Bonnie, I'm so glad you wrote this! Thanks for being so honest. I can very much relate to what you've shared here. Since dating/being engaged/marriage, my relationship with God has changed. I understand what you said about Christ being the "Main Man" prior to marriage--I too was in love like that :) And now, well, it's just different. I know my husband's love for me is from Christ. I haven't abanndoned Him, but the love and worship is just different now. Admittedly, it's easier to have a man-in-the-flesh hug and comfort me than to spend time in prayer contemplating on Christ's love for me. What I'm currently mulling over, though, is the thought that this is ok. The differences in how we relate to the aspects of God's character/personhood. I'm starting to feel that it's one of those season situations--aspects of Him are more apparant to us at different times in our lives. I think you described it wonderfully when you talked about understanding God the Father better through motherhood. I haven't learned that one yet, girl! ;) Again, I'm so glad you shared this. It corresponding with my own thoughts and worries on this matter. I'd love to hear more as you journey through this!! Much love, Mindy :)

Anonymous said...

I followed the same, seemingly natural, progression into marriage and motherhood, in terms of my relationship to God. I, too, miss close fellowship with the person of Jesus, but in the meantime have learned so much about God the Father and, like you, have come to call on and rely on the Holy Spirit more and more. I'm not sure if this is typical for most people, but that's my experience thus far. I look forward to having that sweet, refreshing relationship with Christ once again, though. All that being said, my entire relationship with God is not what it was when I was single. I simply don't have the time and attention to devote in the same manner that I did then, as I am using my time to sustain a household as well now.

Veronica said...

I basically feel how you feel and after discussing it with a friend who is 'farther' in life then us (married 10+ years, 5 children so far), she said the same idea about being close to different 'people' in different stages of our lives. I dont have the same friends I had in high school, and I won't have the same friends years from now when I have older children (although many I will :) ).
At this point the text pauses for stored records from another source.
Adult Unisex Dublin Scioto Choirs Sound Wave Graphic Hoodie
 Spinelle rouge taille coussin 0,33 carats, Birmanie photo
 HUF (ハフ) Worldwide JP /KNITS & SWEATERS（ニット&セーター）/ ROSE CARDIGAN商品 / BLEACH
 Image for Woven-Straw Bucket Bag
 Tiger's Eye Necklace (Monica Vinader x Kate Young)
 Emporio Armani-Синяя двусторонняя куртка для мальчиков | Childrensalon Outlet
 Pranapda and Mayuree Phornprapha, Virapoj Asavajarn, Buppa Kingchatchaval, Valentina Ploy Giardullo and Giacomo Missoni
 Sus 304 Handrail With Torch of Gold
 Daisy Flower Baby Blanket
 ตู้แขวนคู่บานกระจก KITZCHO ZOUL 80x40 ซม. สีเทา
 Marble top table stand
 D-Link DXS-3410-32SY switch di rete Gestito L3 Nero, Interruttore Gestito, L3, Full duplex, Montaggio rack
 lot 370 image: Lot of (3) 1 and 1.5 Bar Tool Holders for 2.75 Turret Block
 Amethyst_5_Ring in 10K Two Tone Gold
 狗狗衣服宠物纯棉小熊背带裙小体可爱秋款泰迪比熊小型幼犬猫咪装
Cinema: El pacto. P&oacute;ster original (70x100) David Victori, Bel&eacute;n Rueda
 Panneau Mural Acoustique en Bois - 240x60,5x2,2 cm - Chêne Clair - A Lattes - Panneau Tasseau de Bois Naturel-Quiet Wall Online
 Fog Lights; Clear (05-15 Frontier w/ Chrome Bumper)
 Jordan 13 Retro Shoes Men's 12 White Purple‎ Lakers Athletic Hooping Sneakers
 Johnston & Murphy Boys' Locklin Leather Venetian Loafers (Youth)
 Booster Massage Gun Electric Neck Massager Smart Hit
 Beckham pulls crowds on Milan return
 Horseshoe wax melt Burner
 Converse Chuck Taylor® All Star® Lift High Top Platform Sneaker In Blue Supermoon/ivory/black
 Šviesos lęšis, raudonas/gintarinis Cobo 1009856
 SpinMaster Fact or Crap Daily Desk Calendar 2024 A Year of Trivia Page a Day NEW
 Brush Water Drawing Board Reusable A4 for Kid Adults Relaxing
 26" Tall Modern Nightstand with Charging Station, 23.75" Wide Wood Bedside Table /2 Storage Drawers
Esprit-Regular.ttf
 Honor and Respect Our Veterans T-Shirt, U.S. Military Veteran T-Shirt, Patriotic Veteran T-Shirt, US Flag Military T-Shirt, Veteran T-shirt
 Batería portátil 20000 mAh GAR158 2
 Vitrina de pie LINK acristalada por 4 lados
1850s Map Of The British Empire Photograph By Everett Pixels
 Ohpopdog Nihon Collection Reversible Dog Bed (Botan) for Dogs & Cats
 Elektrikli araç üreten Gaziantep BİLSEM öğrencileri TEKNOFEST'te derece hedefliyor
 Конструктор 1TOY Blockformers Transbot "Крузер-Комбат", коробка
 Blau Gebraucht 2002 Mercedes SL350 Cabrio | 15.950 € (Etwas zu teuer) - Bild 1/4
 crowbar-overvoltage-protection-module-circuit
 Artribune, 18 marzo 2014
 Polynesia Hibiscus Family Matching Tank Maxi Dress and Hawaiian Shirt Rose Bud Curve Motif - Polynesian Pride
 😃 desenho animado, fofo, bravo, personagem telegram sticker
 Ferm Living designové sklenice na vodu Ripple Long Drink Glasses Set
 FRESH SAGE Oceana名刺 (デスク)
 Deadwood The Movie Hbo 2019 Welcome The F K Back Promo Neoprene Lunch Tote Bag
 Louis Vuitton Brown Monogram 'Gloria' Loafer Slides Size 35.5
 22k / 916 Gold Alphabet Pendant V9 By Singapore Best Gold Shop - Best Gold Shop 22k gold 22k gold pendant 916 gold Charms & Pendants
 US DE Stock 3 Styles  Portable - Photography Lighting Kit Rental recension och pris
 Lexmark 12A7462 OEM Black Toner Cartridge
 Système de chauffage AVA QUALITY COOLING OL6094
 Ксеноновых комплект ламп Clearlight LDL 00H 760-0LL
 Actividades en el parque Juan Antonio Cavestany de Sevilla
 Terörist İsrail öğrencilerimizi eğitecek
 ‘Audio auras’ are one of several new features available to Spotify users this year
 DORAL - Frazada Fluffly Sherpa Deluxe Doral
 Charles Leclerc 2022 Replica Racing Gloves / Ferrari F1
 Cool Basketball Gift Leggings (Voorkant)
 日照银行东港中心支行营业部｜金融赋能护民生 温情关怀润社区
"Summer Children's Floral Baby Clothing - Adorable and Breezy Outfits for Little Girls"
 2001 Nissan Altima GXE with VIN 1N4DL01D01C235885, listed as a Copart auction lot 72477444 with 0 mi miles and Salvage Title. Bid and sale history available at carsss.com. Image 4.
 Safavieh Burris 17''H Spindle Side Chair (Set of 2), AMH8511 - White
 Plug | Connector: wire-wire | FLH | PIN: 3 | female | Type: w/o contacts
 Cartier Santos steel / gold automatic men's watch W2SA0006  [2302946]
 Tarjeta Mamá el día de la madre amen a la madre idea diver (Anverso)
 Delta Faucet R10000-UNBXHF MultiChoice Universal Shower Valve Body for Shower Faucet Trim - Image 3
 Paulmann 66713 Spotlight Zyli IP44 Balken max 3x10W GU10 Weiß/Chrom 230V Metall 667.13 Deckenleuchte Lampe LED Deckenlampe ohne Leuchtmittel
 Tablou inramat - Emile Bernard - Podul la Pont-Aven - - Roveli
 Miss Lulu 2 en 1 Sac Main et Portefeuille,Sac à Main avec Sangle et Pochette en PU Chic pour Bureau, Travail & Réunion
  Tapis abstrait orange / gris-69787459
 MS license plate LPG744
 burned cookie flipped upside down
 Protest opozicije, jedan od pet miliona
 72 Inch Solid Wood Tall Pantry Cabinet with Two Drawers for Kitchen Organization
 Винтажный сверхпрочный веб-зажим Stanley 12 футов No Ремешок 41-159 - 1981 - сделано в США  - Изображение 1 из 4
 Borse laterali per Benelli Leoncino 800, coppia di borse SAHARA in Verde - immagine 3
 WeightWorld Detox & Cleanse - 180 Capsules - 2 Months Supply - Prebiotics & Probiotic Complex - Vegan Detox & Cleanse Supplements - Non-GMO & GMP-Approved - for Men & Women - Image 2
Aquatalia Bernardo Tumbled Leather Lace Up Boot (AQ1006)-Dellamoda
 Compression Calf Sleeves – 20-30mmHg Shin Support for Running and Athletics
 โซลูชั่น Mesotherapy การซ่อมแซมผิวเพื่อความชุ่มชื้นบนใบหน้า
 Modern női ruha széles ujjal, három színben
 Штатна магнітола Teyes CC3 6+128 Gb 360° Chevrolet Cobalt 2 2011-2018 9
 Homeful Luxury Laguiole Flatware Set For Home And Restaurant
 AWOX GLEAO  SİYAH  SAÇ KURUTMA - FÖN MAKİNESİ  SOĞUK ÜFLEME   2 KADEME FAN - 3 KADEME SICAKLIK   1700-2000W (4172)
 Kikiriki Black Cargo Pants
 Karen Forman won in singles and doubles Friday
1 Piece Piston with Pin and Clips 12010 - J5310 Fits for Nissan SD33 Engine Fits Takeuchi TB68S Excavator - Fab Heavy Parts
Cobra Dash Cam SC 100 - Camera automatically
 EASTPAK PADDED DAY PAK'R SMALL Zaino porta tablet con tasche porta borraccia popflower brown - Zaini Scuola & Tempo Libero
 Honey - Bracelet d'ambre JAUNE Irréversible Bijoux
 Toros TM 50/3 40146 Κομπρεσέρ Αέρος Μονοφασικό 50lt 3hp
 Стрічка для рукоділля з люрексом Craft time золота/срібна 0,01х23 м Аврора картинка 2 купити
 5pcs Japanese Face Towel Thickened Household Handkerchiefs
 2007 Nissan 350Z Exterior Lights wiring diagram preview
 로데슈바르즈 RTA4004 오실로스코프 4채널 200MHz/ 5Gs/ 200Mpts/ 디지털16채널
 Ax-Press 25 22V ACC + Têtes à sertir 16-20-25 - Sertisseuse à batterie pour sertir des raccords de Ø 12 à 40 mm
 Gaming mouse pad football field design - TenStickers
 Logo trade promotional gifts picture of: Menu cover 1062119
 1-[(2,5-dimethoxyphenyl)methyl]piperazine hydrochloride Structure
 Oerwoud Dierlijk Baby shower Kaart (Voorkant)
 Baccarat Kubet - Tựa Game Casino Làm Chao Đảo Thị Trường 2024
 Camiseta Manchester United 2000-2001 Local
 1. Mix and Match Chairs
I still keep in touch and have friends who aren't married or have children, but they are not my closest confidents and supporters at this stage in my life.

I still want to encourage and grow with the Son, but at times it is much easier to scream for help from the HS. On the other hand, the times I have been closest to Jesus have been through suffering. I try and think that his suffering was way worse then two spilled cups of milk with some tomato sauce mixed in. And, if He can suffer that much for ME, then surely He can help me through my daily struggles of loving my children. Even if it is more 'suffering' then 'love' on any given day. :)

anyways, I ramble, but hopefully you get the point. :)

Anonymous said...

Thank you for sharing your thoughts. You're ahead of me on this, for sure. I also had a good relationship with Christ before marriage. Now, like Veronica mentioned, I take comfort in hiding in His wounds. But that's as far as I get. I'd love to read something on the Holy Spirit, any suggestions? And thank you for mentioning your relationship with God the Father, I'm going to try to follow your lead on that.